Stored data
╭──

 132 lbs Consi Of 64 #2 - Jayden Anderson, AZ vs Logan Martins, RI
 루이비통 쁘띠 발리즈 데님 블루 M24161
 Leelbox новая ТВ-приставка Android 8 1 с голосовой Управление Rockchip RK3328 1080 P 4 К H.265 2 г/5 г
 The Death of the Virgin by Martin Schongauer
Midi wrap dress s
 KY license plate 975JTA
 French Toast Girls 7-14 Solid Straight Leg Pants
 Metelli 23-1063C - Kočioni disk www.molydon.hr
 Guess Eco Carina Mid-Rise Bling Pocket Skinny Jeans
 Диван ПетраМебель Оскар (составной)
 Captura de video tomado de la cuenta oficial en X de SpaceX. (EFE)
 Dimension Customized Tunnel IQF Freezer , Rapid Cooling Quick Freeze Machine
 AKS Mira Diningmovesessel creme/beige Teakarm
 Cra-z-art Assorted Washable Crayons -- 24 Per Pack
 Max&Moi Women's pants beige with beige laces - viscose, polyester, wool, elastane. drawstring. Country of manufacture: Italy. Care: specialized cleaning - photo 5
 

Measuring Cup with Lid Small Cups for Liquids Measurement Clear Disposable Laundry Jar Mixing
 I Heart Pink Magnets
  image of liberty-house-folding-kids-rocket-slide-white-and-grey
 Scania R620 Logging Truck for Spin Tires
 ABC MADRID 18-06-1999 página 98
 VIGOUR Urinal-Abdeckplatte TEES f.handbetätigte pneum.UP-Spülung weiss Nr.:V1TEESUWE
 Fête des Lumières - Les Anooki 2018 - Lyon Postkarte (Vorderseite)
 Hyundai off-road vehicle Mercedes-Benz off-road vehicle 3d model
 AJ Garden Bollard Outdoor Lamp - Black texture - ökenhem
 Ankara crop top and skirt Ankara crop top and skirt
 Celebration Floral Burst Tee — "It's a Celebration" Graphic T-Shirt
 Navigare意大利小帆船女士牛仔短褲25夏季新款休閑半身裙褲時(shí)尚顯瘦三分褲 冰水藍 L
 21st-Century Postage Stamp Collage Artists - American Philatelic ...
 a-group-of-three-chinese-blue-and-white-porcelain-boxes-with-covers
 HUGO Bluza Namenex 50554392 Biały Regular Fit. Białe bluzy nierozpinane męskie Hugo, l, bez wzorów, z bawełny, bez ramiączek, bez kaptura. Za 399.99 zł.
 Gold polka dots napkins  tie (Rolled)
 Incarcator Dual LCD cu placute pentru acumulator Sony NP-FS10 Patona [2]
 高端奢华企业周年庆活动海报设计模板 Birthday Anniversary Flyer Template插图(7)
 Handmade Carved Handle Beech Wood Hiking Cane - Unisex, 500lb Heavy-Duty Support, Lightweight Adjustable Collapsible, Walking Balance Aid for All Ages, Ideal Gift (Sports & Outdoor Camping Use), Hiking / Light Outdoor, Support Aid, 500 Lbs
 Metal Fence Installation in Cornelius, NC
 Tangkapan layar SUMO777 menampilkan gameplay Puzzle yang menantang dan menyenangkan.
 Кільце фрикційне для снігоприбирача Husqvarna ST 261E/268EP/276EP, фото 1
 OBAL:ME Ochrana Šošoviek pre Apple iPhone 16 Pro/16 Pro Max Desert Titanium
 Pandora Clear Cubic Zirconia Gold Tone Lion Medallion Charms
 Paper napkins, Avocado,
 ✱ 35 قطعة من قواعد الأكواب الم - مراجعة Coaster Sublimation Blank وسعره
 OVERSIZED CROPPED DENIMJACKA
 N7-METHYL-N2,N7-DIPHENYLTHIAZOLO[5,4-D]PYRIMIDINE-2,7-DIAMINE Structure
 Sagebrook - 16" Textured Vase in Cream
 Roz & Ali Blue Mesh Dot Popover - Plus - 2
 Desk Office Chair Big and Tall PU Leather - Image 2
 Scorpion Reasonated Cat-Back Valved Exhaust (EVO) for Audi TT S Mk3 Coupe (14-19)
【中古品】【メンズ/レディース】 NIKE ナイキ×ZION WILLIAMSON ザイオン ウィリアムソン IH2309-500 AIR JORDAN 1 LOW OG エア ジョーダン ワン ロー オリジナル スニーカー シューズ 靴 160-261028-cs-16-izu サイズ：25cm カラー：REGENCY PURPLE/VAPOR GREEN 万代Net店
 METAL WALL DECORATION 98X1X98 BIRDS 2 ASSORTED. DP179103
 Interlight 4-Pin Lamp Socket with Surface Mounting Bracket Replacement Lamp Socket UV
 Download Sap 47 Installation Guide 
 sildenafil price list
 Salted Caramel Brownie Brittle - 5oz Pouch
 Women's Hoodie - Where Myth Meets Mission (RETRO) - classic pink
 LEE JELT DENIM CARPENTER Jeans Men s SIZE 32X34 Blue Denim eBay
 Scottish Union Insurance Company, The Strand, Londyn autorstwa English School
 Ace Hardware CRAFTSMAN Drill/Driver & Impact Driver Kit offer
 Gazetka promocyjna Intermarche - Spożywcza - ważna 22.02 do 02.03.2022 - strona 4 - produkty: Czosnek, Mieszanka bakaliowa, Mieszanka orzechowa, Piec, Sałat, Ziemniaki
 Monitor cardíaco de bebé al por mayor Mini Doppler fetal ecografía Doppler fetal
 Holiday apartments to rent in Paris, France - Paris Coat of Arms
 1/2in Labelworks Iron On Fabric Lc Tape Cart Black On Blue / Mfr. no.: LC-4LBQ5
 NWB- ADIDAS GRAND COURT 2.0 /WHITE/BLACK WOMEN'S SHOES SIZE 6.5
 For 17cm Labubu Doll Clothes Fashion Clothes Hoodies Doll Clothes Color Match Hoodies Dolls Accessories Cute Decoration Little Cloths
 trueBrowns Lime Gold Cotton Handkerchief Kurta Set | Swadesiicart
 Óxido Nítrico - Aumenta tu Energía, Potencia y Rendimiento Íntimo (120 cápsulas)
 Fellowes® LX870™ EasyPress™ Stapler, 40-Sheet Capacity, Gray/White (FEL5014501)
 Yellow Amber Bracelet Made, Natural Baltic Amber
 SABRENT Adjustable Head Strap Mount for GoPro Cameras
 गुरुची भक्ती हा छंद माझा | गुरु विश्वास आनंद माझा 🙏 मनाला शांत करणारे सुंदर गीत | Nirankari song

╰──

▸ TASK DIRECTIONS
Could you retype exactly the lines above, starting at the line that contains "OVERSIZED CROPPED DENIMJACKA" and ending at the line that contains "Monitor cardíaco de", and nothing more?

▸ ANSWER TO THIS PROBLEM
 OVERSIZED CROPPED DENIMJACKA
 N7-METHYL-N2,N7-DIPHENYLTHIAZOLO[5,4-D]PYRIMIDINE-2,7-DIAMINE Structure
 Sagebrook - 16" Textured Vase in Cream
 Roz & Ali Blue Mesh Dot Popover - Plus - 2
 Desk Office Chair Big and Tall PU Leather - Image 2
 Scorpion Reasonated Cat-Back Valved Exhaust (EVO) for Audi TT S Mk3 Coupe (14-19)
【中古品】【メンズ/レディース】 NIKE ナイキ×ZION WILLIAMSON ザイオン ウィリアムソン IH2309-500 AIR JORDAN 1 LOW OG エア ジョーダン ワン ロー オリジナル スニーカー シューズ 靴 160-261028-cs-16-izu サイズ：25cm カラー：REGENCY PURPLE/VAPOR GREEN 万代Net店
 METAL WALL DECORATION 98X1X98 BIRDS 2 ASSORTED. DP179103
 Interlight 4-Pin Lamp Socket with Surface Mounting Bracket Replacement Lamp Socket UV
 Download Sap 47 Installation Guide 
 sildenafil price list
 Salted Caramel Brownie Brittle - 5oz Pouch
 Women's Hoodie - Where Myth Meets Mission (RETRO) - classic pink
 LEE JELT DENIM CARPENTER Jeans Men s SIZE 32X34 Blue Denim eBay
 Scottish Union Insurance Company, The Strand, Londyn autorstwa English School
 Ace Hardware CRAFTSMAN Drill/Driver & Impact Driver Kit offer
 Gazetka promocyjna Intermarche - Spożywcza - ważna 22.02 do 02.03.2022 - strona 4 - produkty: Czosnek, Mieszanka bakaliowa, Mieszanka orzechowa, Piec, Sałat, Ziemniaki
 Monitor cardíaco de bebé al por mayor Mini Doppler fetal ecografía Doppler fetal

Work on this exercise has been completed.